« À la vie, à la mort », de Gilles Gaston-Dreyfus, au Théâtre du Rond-Point

Hélène, Joseph et Paul se retrouvent à la porte du cimetière. Ils viennent d’enterrer la mère d’Hélène. La fois précédente, c’était le père de Joseph. Et encore avant, c’était la mère de Paul, mais ça, c’était il y a longtemps.

C’est comme ça les enterrements, on se retrouve et on est bien content de se retrouver : on ne va pas pleurer, mais on ne peut tout de même pas en rire.

C’est l’occasion de croiser aussi des gens qu’on avait un peu perdus de vue, au point même de ne pas les reconnaître : telle cette jeune femme surgie de rien, fille du fils du frère, et qui a loupé la cérémonie parce qu’elle avait oublié le cadeau, cadeau que du reste elle n’a pas retrouvé. Au fond, tout cela n’a pas d’importance : il fallait juste se trouver là.

Hélène, Joseph et Paul sont amis depuis quarante ans, ou plus ou moins, ils ne s’en souviennent pas. Ils sont amis et se le disent, s’exclament « Je t’aime » comme on éternue, beaucoup de bruit et pas forcément pour grand-chose. « Je t’aime » comme un grand éclat tonitruant de rire et de rien.

Après l’enterrement, ils vont se rendre chez Hélène, dans la maison de famille, histoire de trinquer à la vie à la mort, et de noyer le chagrin. Ou bien de le raviver. Du moins, ils vont tenter de se rendre chez Hélène : encore faudrait-il qu’Hélène se souvienne du chemin, quand on perd son père, on perd ses repères.

Et en plus ils avancent, mais ils n’avancent pas. Ils font du surplace et c’est le décor, derrière eux, qui change et marque la progression. Le phénomène est à l’image de toute leur existence, passablement absurde, où l’on a beau ne pas pouvoir se bouger, le temps passe, lui, de lui-même.

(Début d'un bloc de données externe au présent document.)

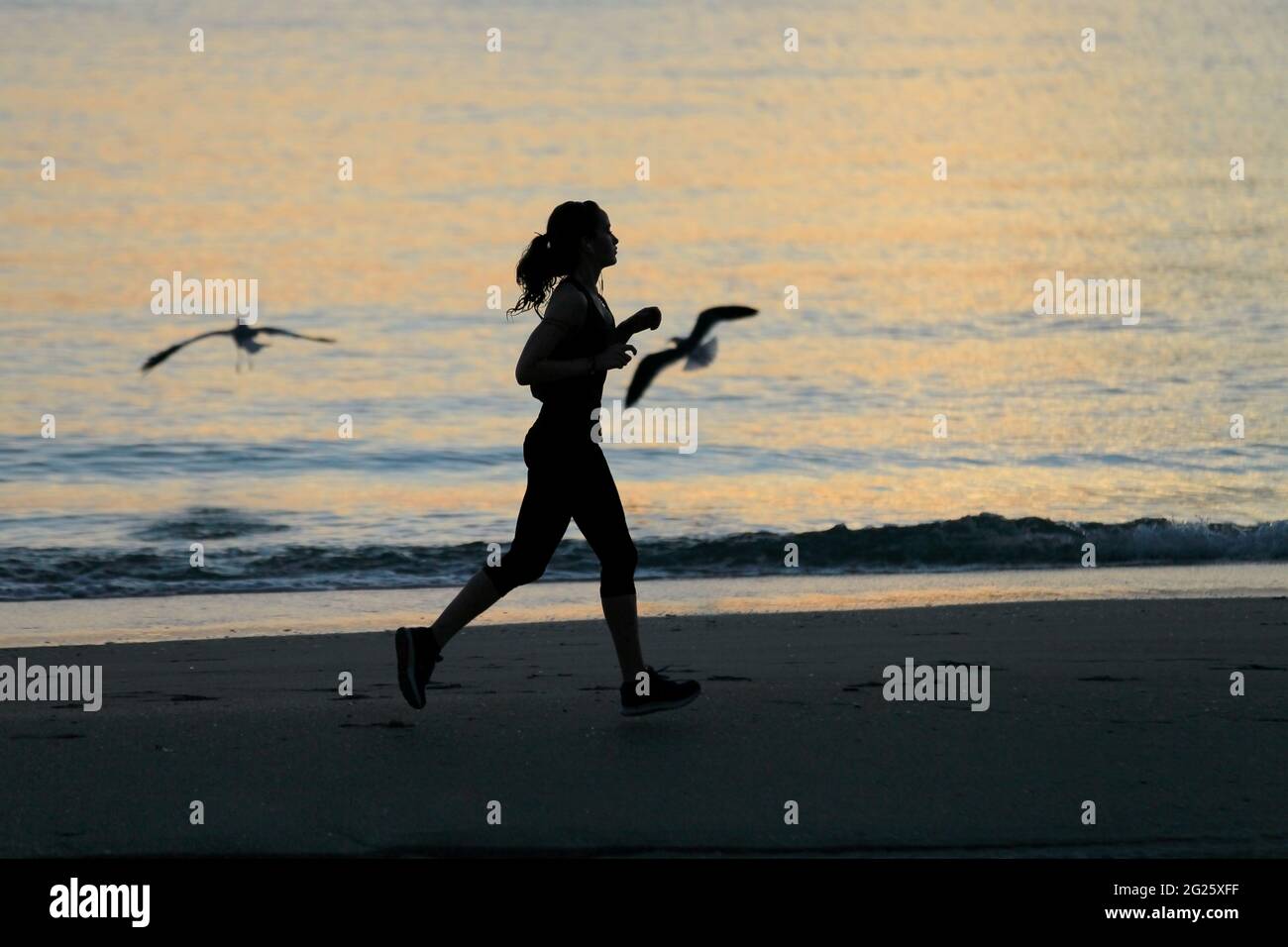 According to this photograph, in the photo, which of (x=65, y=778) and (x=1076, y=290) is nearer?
(x=65, y=778)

Alors ils se parlent. Mais en fait, ils se parlent à eux-mêmes, et aucun des trois n’écoute les autres. Ils sont enfermés dans leur discours, dans leur raisonnement, dans leur logique. Enfermés en eux-mêmes, depuis toujours. Il y a Paul. Paul et ses lapsus incessants qui ne cessent de clamer haut et fort sa peur panique de la mort. Il y a Joseph, le psy, le pire psy que la terre ait porté sans doute, qui redoute les serpents sans vouloir s’avouer à lui-même ce que de sexe cache cette crainte. Il y a Hélène qui porte sa douleur comme on porte un enfant : la douleur justement d’avoir perdu un enfant, il y a longtemps, et d’avoir perdu aussi l’homme qu’elle aimait. Et tous les trois sont façonnés ainsi à la fois par la peur et par les enterrements : leur vie, leur vie tout entière, n’est que la crainte de ne pas trouver de place, au final, dans le caveau de famille. Comme si la vie se résumait à la mort.

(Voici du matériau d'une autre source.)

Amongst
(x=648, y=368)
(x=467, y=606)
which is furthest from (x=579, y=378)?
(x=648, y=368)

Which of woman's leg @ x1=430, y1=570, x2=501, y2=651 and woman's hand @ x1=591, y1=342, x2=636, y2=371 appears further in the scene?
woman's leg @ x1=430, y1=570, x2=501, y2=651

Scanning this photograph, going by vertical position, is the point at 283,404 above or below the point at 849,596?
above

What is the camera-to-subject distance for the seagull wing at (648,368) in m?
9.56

Pourtant, sans doute voudraient-ils conjurer le sort en se jurant amitié et fidélité « à la vie à la mort ». C’est leur devise. Et ils ont parfaitement conscience qu’elle est stupide, cette devise. Non seulement elle est désuète, un peu ridicule, mais elle dit nettement l’absence de sens. « A la vie, à la mort », c’est le résumé cynique du vide même de la vie : la vie, puis la mort, et rien d’autre. Rien qui vaille, justement, la peine de vivre.

Ainsi évoluent ces trois clowns tout à la fois Beckettiens et Chaplinesques, brillamment interprétés par Anne Benoit, Stéphane de Groot et Gilles Gaston-Dreyfus et qui nous dressent l’effroyable constat : on peut passer quarante ans aux côtés de ses meilleurs amis sans rien leur dire qui vaille et en n’écoutant que sa propre voix en boucle. Mieux vaut en rire, même amèrement.

C’est ce que propose Gilles Gaston-Dreyfus.

À la vie, à la mort, actuellement au théâtre du Rond-Point.